Read Tomorrow About This Time Page 7


  A stately dame with soft white hair and a cap looked out from the next frame with a smile, more human than the others, the girl felt; her stiff black silk seemed almost to rustle from its frame with dignity and kindliness, and the painted hands held primly a wide, gracious fan of rare old lace. And beside this picture hung the portrait of her husband apparently, a fine old gentleman with silvered hair, high stock, and courtly manner, fitting mate for the dear old lady, both portraits so lifelike that Athalie paused almost abashed for an instant as if someone unexpectedly had entered the room. It gave her a feeling of unaccustomed awe, these strong, painted personalities all about her, past history caught and imprisoned on the canvas for another age to know intimately. They looked down at her with kindly gracious eyes, and she turned away awkwardly, uncomfortable, and swept the room with another glance.

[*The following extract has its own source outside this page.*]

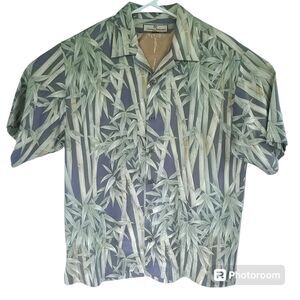 Tommy Bahama Mens Shirt Size Medium Bamboo Leaves Print Short Sleeve 100% Silk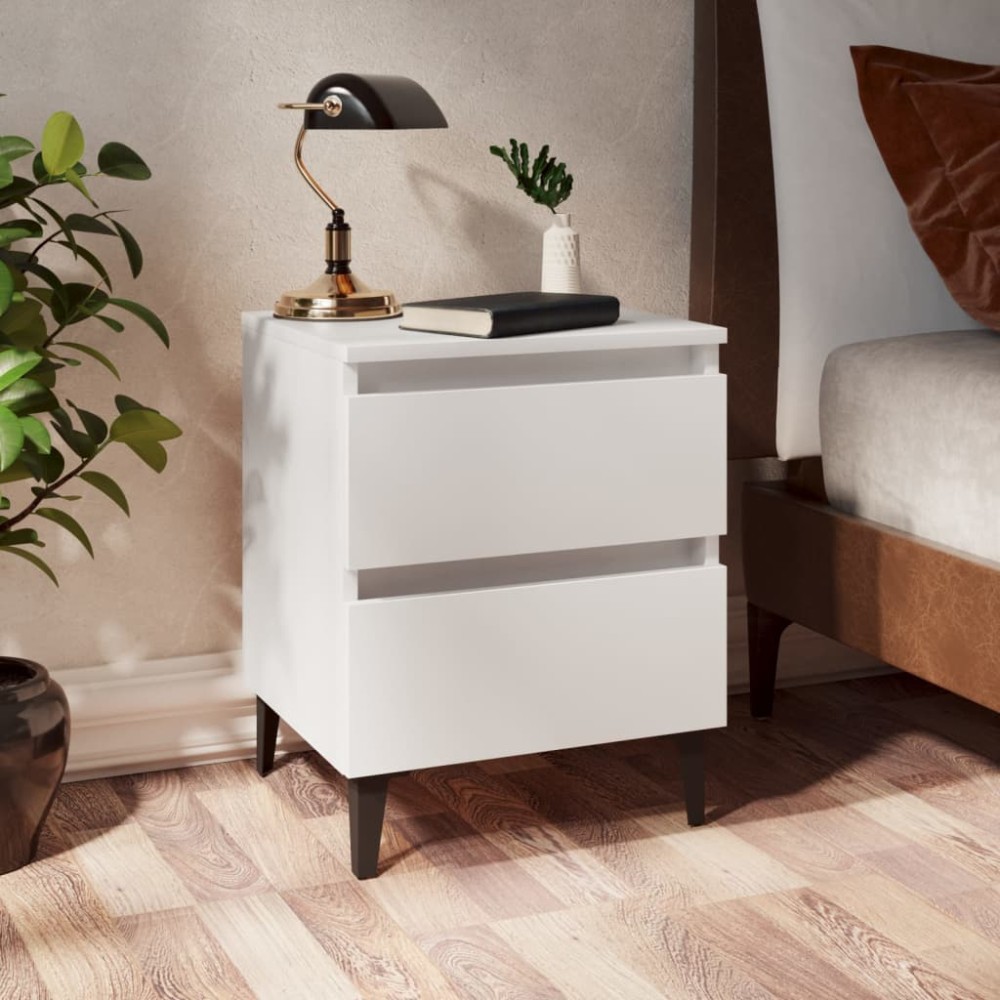 vidaXL Κομοδίνο Λευκό 40 x 35 x 50 εκ. από Επεξ. Ξύλο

  On the back wall Uncle Standish Silver in more modern business garb and his sister Lavinia in her Sunday best silk, long sleeved, high necked, fastened with a great cameo at the throat, and pretty crimped hair drawn back and up from her ears in a knot on top of her shapely head, were too modern to excite her curiosity, too old-fashioned to hold her interest. Her eyes wandered to the frame opposite the side window, half in shadow of the heavy curtain, a picture of a young man, a mere boy he was. She walked the length of the room eagerly to inspect it and stopped in admiration. A boy a little older than herself, only slim and tall, and with eyes—yes with eyes like the soldier—and—yes—eyes like her father’s! It must be her father when he was a boy!

  She stood a long time looking at it with mingled feelings, admiring, jealous, determined, studying him as he had been when almost her age. She felt if she knew him then, she would be more able to understand and influence him now. Finally, with a sigh of impatience she turned and was about to slip out of the room when she suddenly saw for the first time—how had it escaped her?—the portrait of a young and beautiful woman, fresh, vivid, smiling, from a great oval frame over the white marble mantel. The eyes were wonderful, large, loving, innocent, deeply intelligent, and with a look of life about them that made the girl uneasy. Those eyes seemed suddenly to have been watching her all the time, to have followed her around the room, to be searching her down to the depths of her mean, selfish little soul. They were maddening eyes to a girl like Athalie. They belied every purpose of her life, every standard and ideal dear to her soul, every act of which she was conscious. They were like an angel’s eyes come down to earth for judgment.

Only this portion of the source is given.